Conscients de cette faiblesse du président Talon, certains d’entre eux jouent sur la carte du parti, de la région, en exerçant la même pression sur le président Abdoulaye Bio Tchané pour défendre leur cause aussi bien auprès du président Talon que du président nouvellement élu. Ils n’ont même plus honte. Le Bénin constitue pour eux leur ruche de miel.
Après avoir passé au gouvernement 10 ans pour certains, 08 pour d’autres, ils voudraient encore rester aux affaires, comme si le Bénin manquait de compétences capables d’assumer des fonctions ministérielles. Heureusement que le président Talon n’est pas favorable, cette fois-ci, à leur volonté, ni à ignorer la réalité du contexte.
Car ces messieurs et dames ne reviennent pas nécessairement pour accompagner efficacement le jeune président élu, qu’ils ont d’ailleurs soutenu par défaut. Un homme qu’ils n’avaient jamais respecté parce que le jugeant trop occupé à servir le chef du gouvernement dont il respectait les directives prioritaires tout en imposant une stricte orthodoxie dans la gestion des finances publiques. Une méthode qui dérangeait certains de ses collègues ministres.

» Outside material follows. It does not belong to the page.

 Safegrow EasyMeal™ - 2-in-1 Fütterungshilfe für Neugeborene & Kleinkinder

À l’époque, plusieurs n’hésitaient pas à le critiquer ouvertement ou à se plaindre de lui auprès du ministre d’État Abdoulaye Bio Tchané, sachant qu’ils n’obtiendraient aucun arbitrage de faveur du président Talon. Aujourd’hui pourtant, les voilà devenus de fervents admirateurs de Romuald Wadagni et de sa méthode, au point de vouloir encore passer plusieurs années à ses côtés, comme s’ils étaient les seuls aptes à gouverner, les seuls à avoir une tête de ministre.

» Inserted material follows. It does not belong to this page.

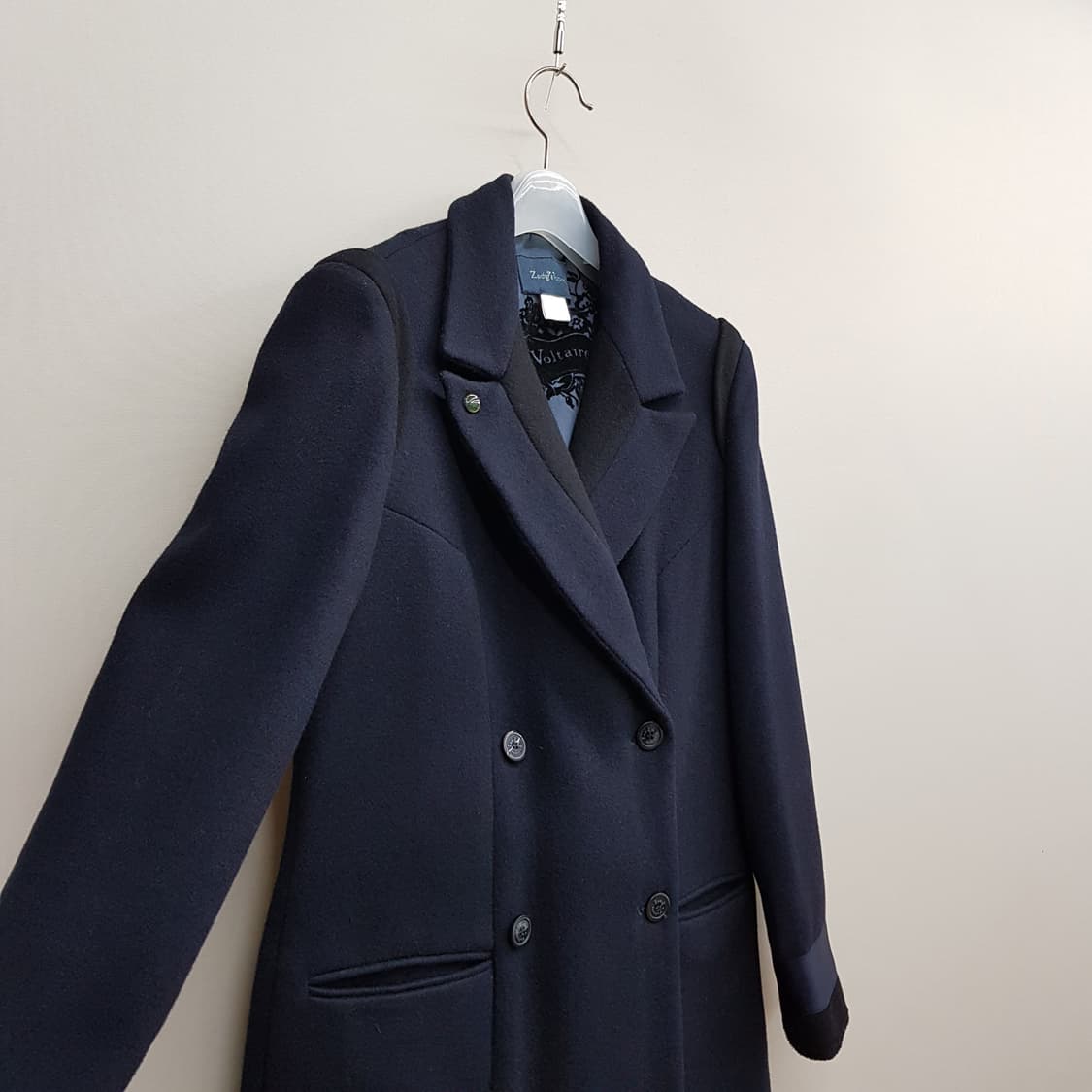 쟈딕앤볼테르 캐시미어 블랜딩 코트 L사이즈 상품이미지3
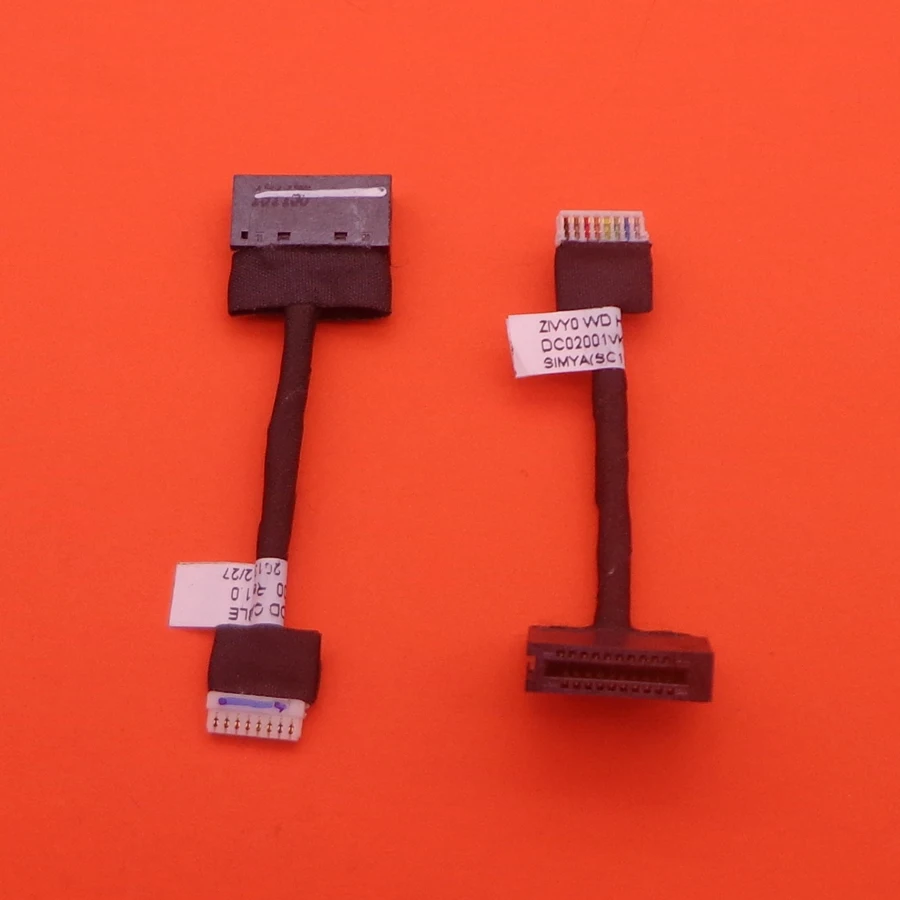 

5pcs New Original SATA Hard Drive Connector w/Cable For Lenovo Yoga 2 13 Series,FRU 90205124 DC02001VK00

Si ces derniers reviennent, que le président Abdoulaye Bio Tchané sache que ça va tanguer à la tête et au sein du parti. Les autres ne sont pas venus à Cotonou uniquement pour contempler la mer. Ils ont aussi une tête à servir la République à des postes de hautes responsabilités.

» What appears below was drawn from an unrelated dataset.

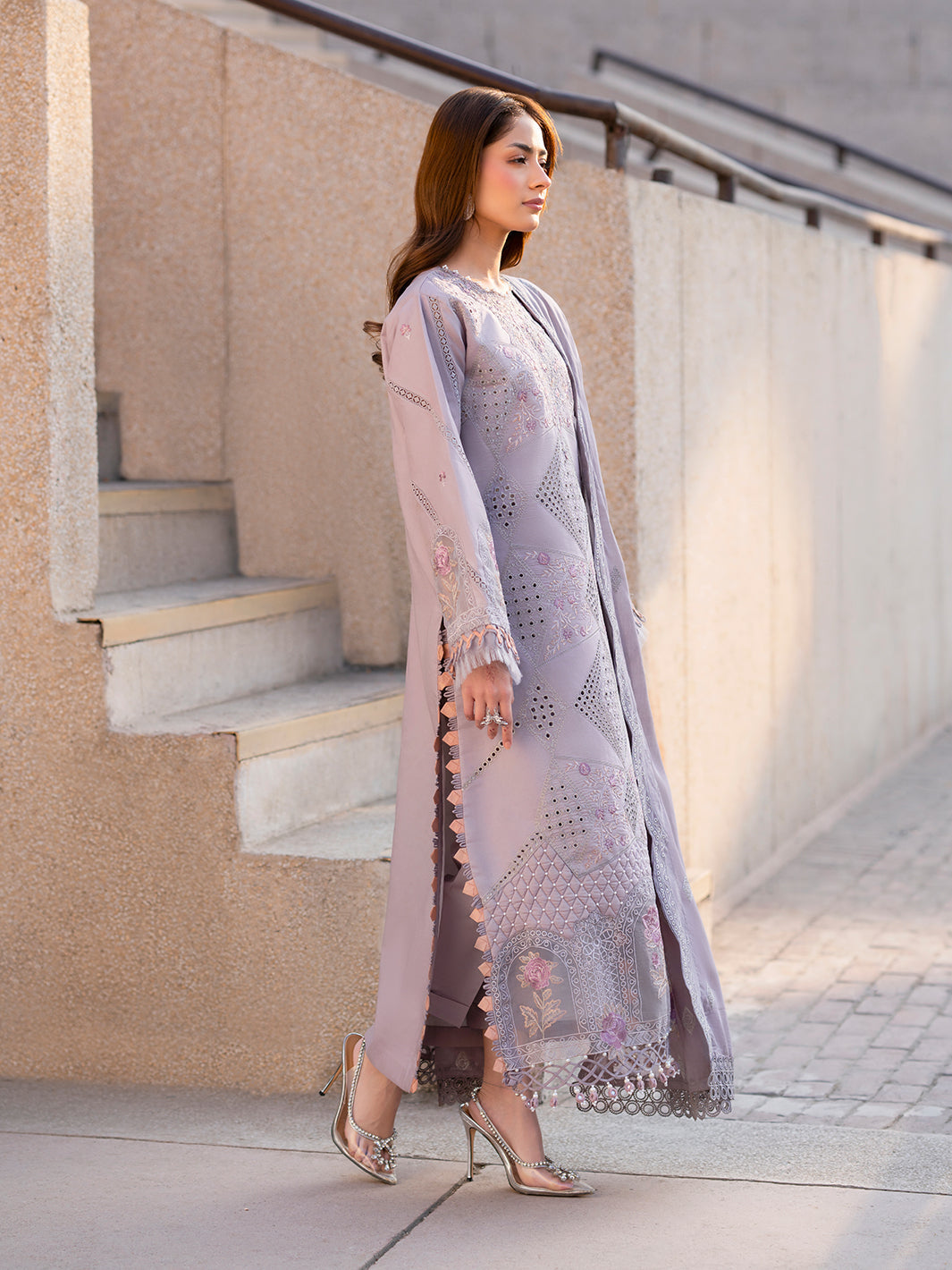 Parishay | Dil e Raqsam Festive Eid Lawn | DR-07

Le président Talon est donc placé face à un choix délicat. Il doit désormais arbitrer entre deux générations politiques : les anciens collaborateurs qui souhaitent se maintenir, et les nouvelles figures qui aspirent à émerger autour du président élu.
S’il cède à la pression des « éternels ministres », certains estiment qu’il risquerait de fragiliser son propre héritage politique et de compliquer la tâche de celui qu’il a contribué à porter au sommet de l’État. Romuald Wadagni ne pourra pas imposer sa vision avec ces requins qui ont de surcroît développé d’autres aptitudes opportunistes en l’occurrence celle du gecko, s’agripper au mur du gouvernement à vie quand on sait que plusieurs d’entre eux n’ont jamais réellement accepté son ascension.
Si le président Talon souhaite véritablement voir son successeur faire mieux que lui, alors il devra lui donner la liberté de travailler avec de nouvelles figures, de nouveaux profils et une nouvelle dynamique.
Les anciens ministres, eux, n’ont jamais totalement digéré le choix porté sur Romuald Wadagni pour conduire les destinées du pays.